* [WHAT IS BEING ASKED]: Leaving out all pictures, repeat exactly the lines from the one that holds "On T-Shirt Active-T" to the last line of the entries below.

* [Stored data entries]:
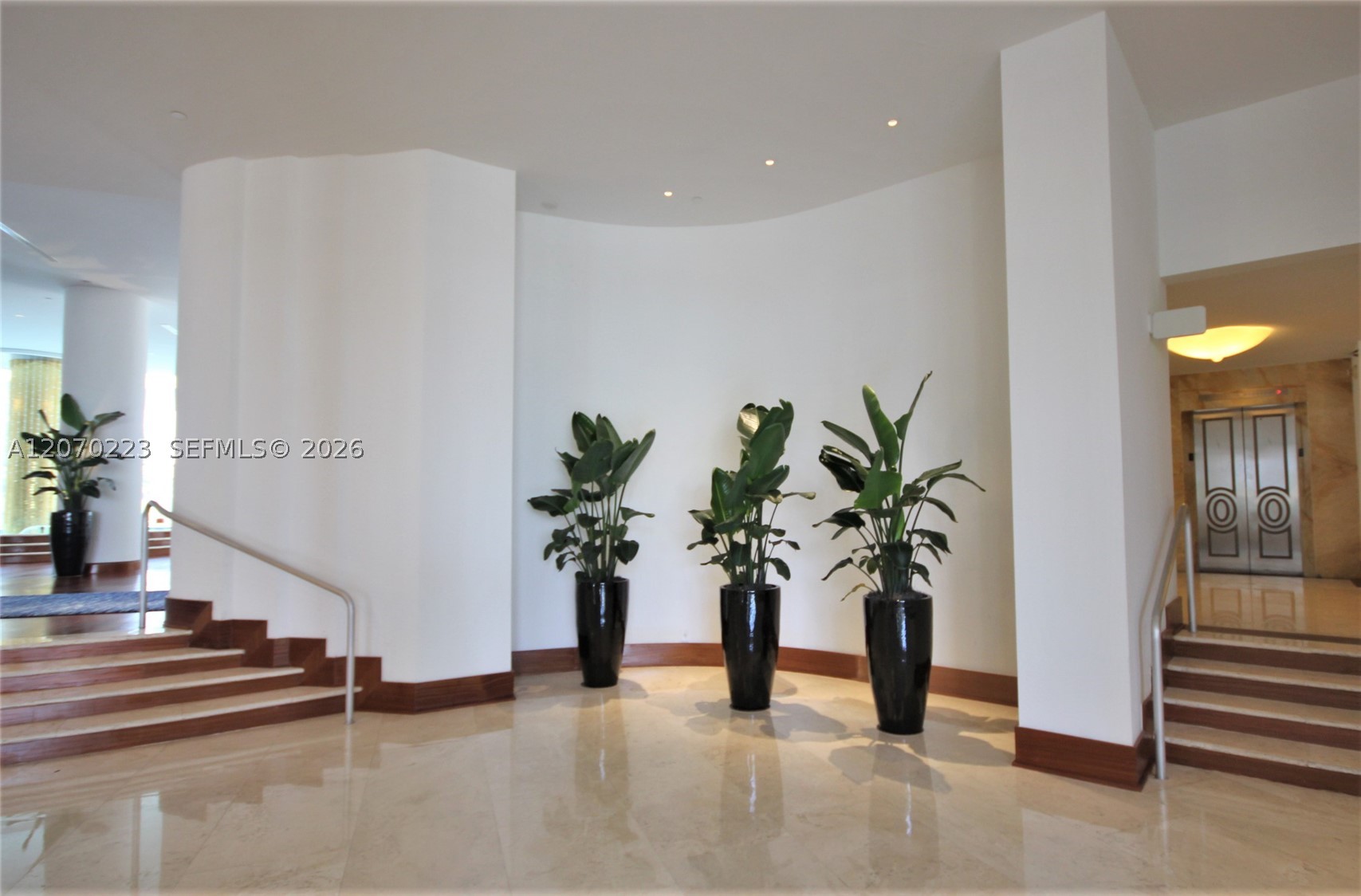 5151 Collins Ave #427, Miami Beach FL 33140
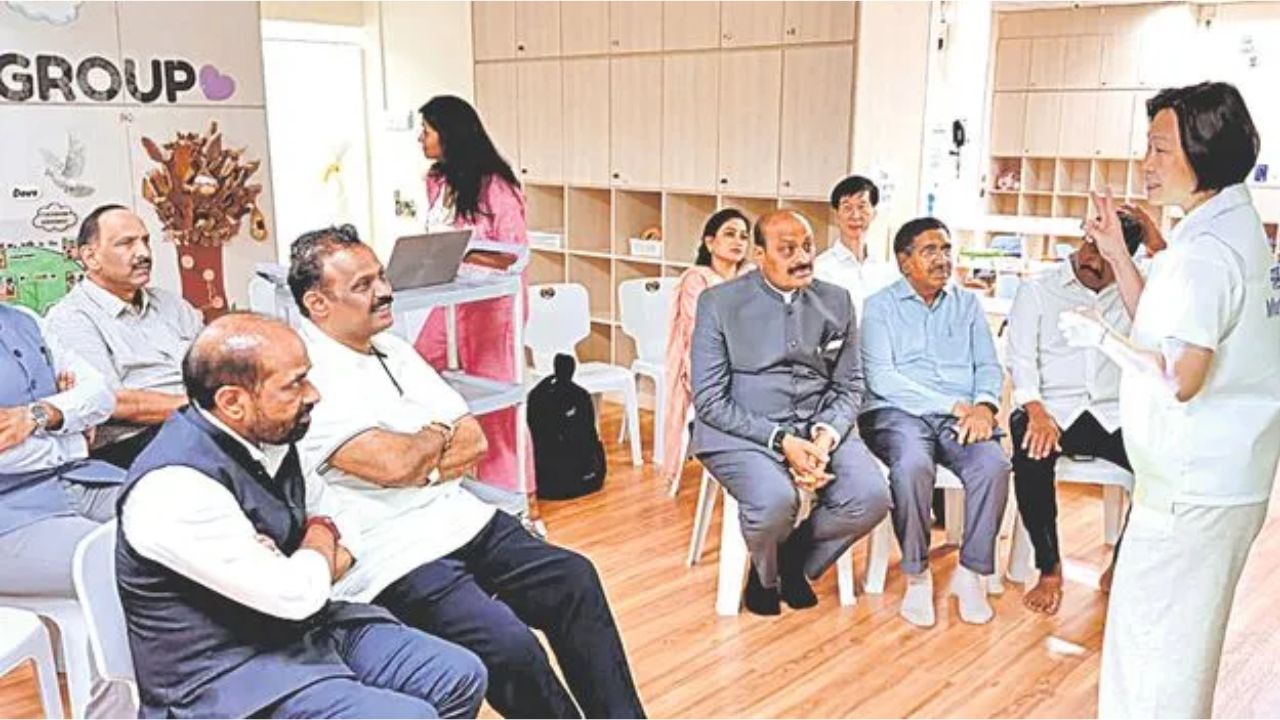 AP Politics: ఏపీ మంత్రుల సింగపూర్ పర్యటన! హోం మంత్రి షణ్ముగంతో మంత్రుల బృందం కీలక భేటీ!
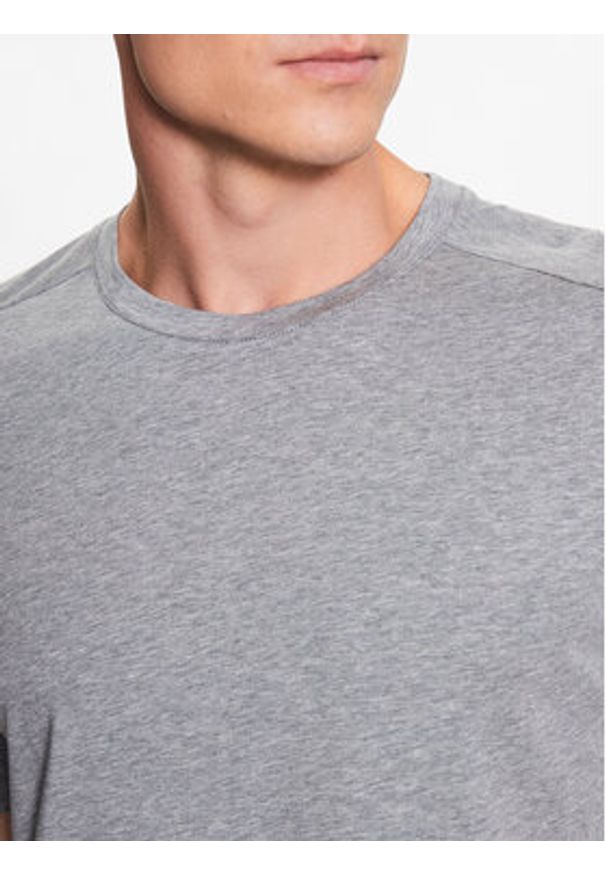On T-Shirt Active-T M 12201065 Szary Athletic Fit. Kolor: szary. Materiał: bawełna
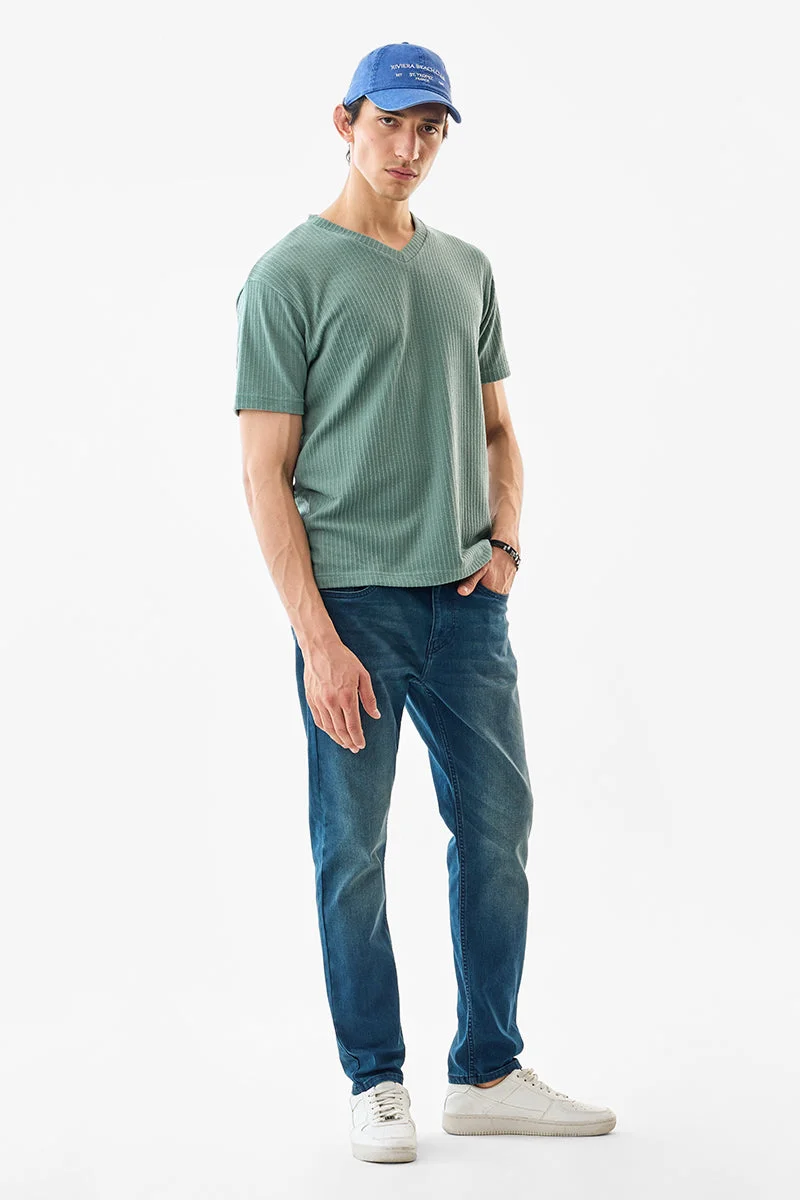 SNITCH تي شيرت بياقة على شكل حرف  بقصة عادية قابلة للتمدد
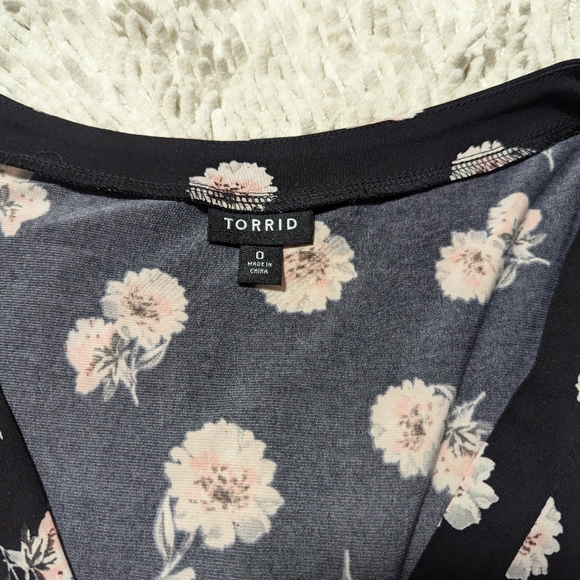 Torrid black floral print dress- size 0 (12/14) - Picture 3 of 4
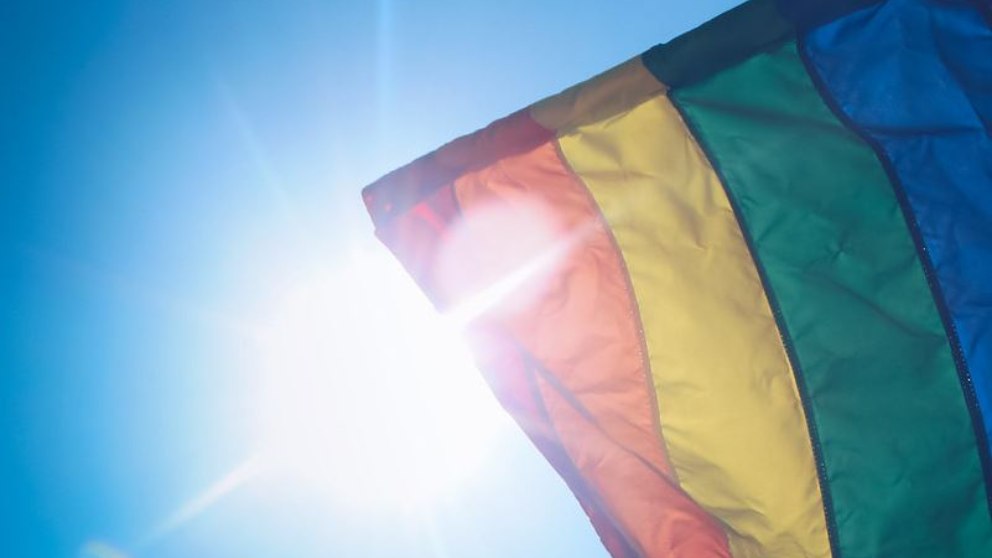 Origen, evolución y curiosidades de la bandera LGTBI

* [SOLUTION TO THE PROBLEM]:
On T-Shirt Active-T M 12201065 Szary Athletic Fit. Kolor: szary. Materiał: bawełna
 SNITCH تي شيرت بياقة على شكل حرف  بقصة عادية قابلة للتمدد
 Torrid black floral print dress- size 0 (12/14) - Picture 3 of 4
 Origen, evolución y curiosidades de la bandera LGTBI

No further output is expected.